==== RECORDS FOR THE EXERCISE

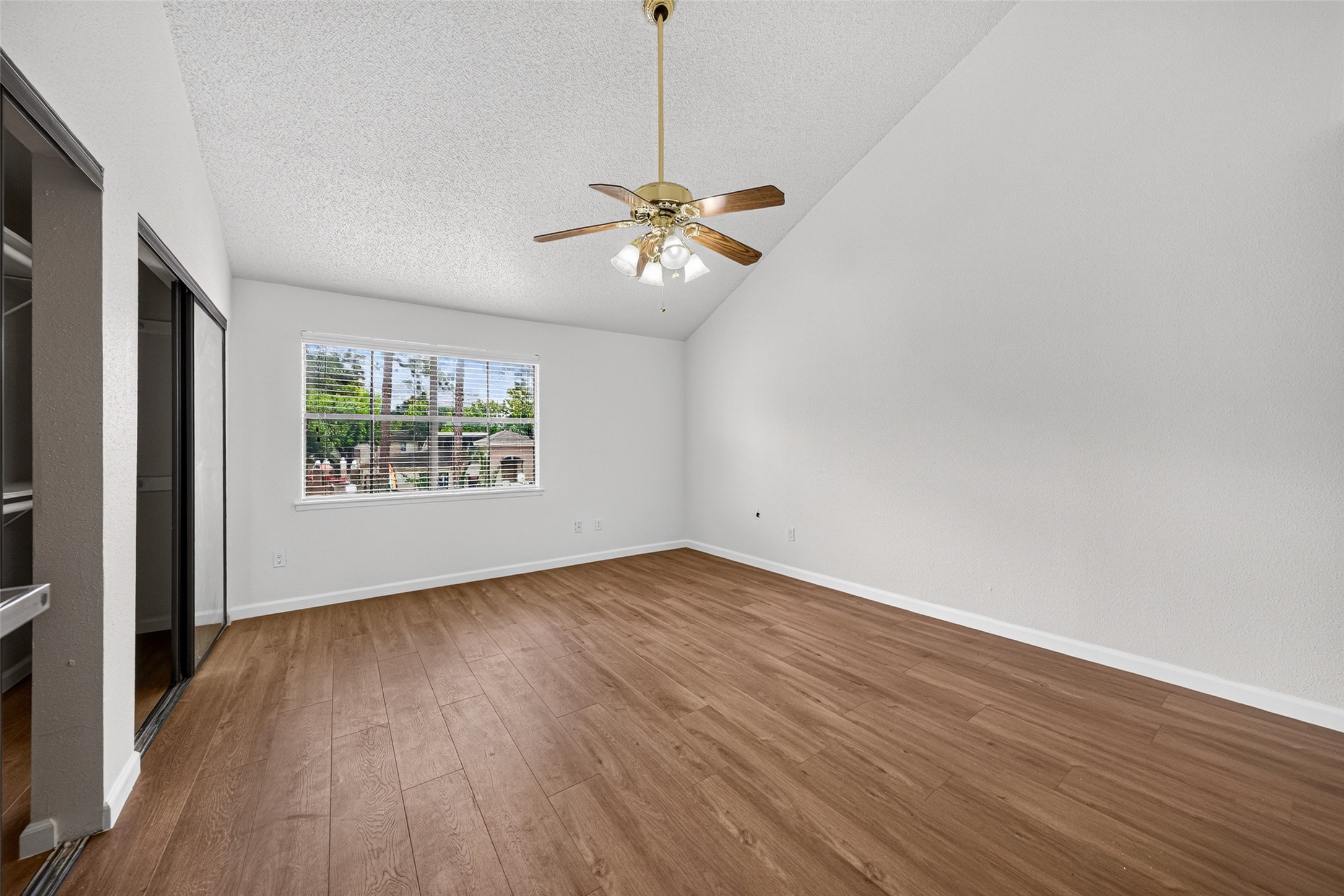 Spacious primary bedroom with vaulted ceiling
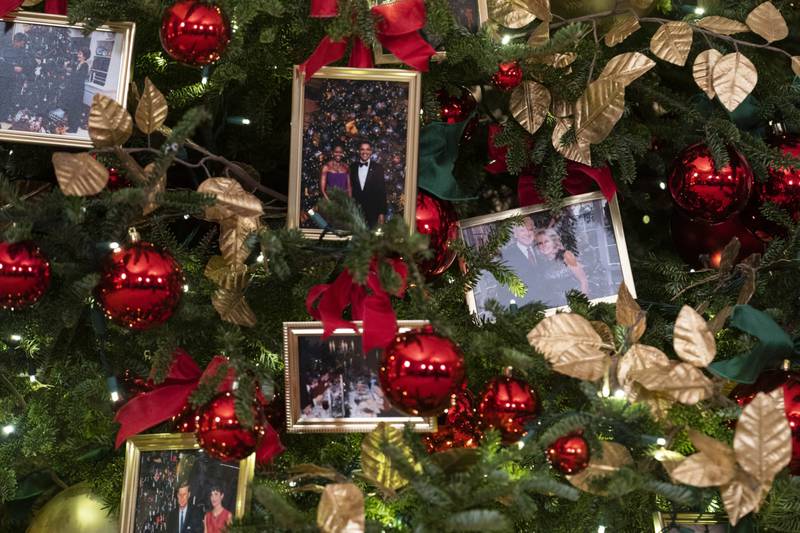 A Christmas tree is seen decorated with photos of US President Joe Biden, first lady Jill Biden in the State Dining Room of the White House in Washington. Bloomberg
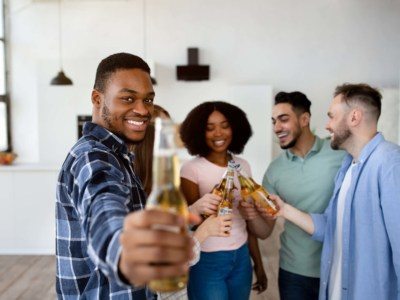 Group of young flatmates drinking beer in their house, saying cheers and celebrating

========
==== RECORDS FOR THE EXERCISE

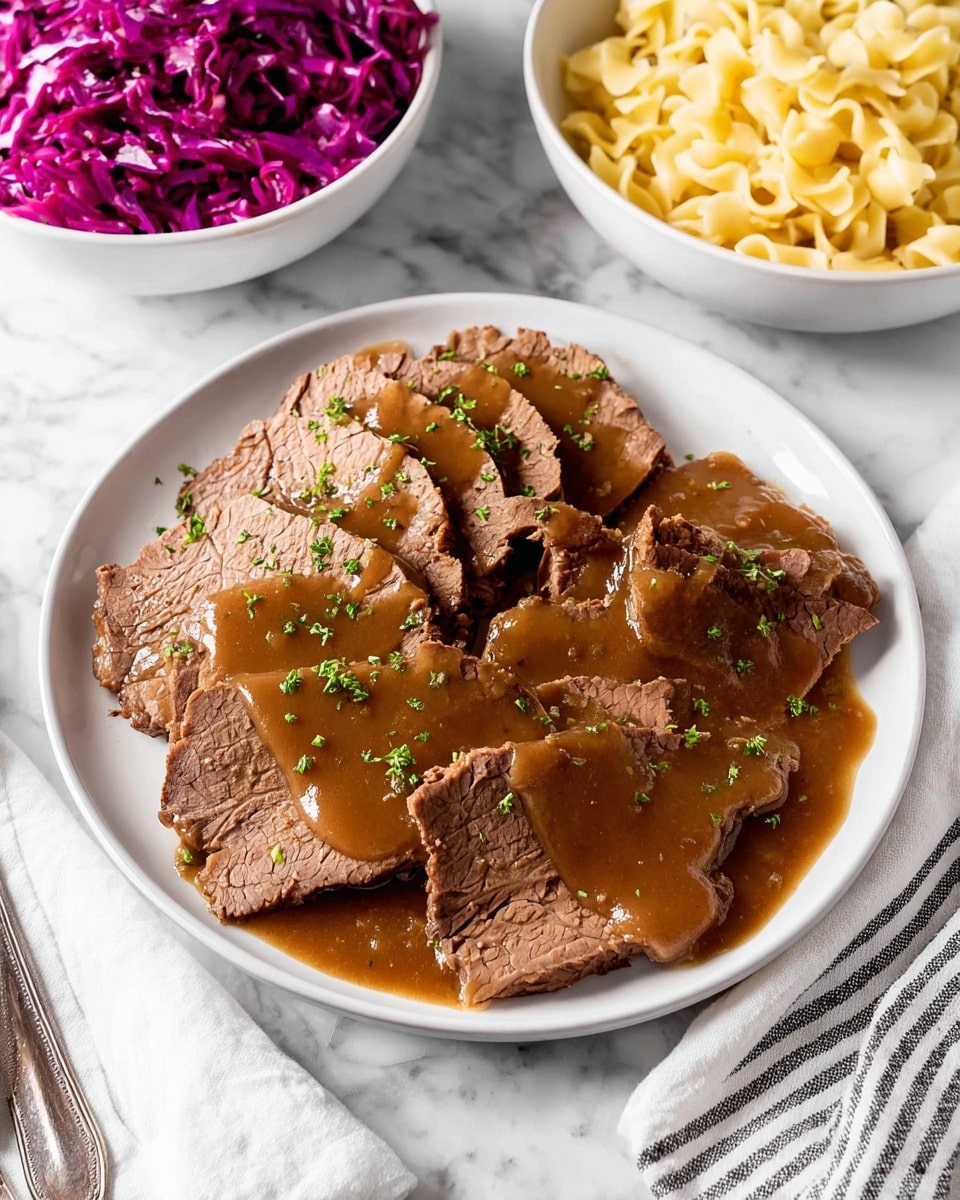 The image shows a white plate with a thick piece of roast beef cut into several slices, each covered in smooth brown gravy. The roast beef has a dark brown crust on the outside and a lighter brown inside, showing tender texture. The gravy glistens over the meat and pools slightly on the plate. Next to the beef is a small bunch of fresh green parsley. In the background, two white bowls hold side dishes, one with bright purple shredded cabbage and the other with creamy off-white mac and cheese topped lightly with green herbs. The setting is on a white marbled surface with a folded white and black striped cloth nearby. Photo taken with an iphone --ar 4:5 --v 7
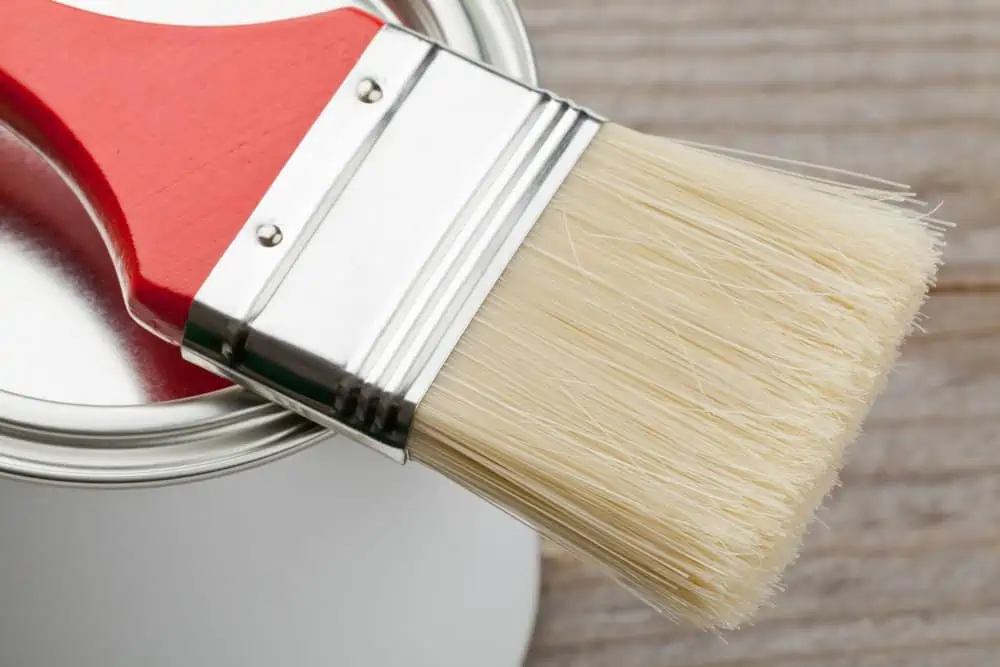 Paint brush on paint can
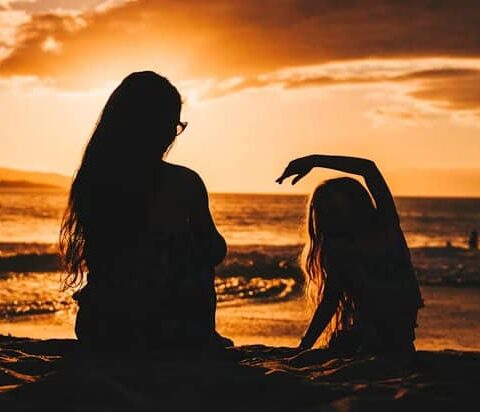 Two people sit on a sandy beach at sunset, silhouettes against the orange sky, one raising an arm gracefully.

========

_INSTRUCTIONS TO FOLLOW_.
In the entries above, which lines run from the one with "A Christmas tree" up to and including the one with "Group of young"? Write them out exactly, without the pictures.

_RESPONSE FOR THIS EXERCISE_.
 A Christmas tree is seen decorated with photos of US President Joe Biden, first lady Jill Biden in the State Dining Room of the White House in Washington. Bloomberg
 Group of young flatmates drinking beer in their house, saying cheers and celebrating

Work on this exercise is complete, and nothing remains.